Task material below:
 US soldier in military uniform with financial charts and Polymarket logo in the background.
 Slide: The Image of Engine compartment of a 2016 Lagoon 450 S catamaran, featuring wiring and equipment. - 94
End of Task material.
Task material below:
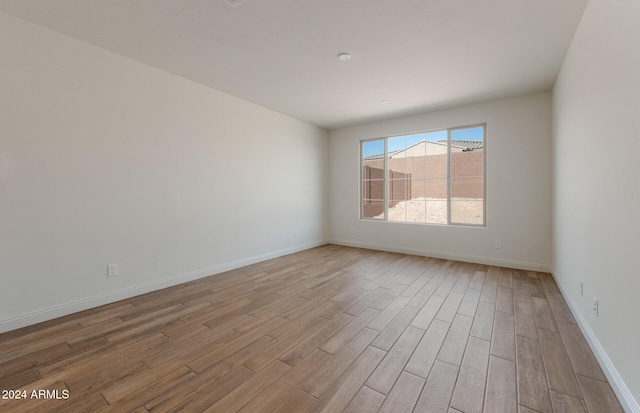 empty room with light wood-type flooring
End of Task material.
Task material below:
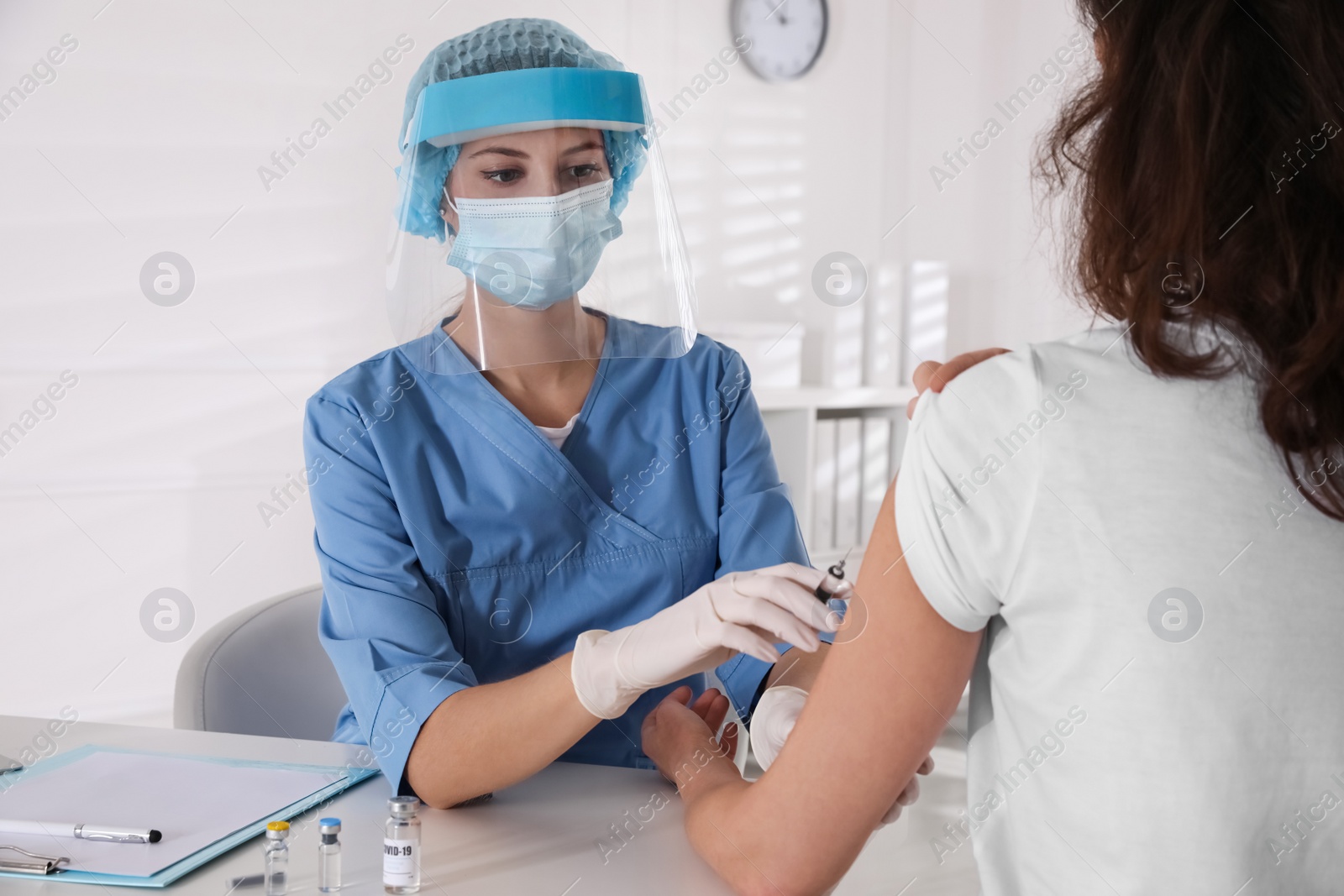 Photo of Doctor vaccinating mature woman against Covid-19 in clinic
End of Task material.
■ What you need to do: Starting at the line above that contains "US soldier in", write out each line exactly until the line that contains "Slide: The Image" has been written, and stop there.

■ Answer to the exercise:
 US soldier in military uniform with financial charts and Polymarket logo in the background.
 Slide: The Image of Engine compartment of a 2016 Lagoon 450 S catamaran, featuring wiring and equipment. - 94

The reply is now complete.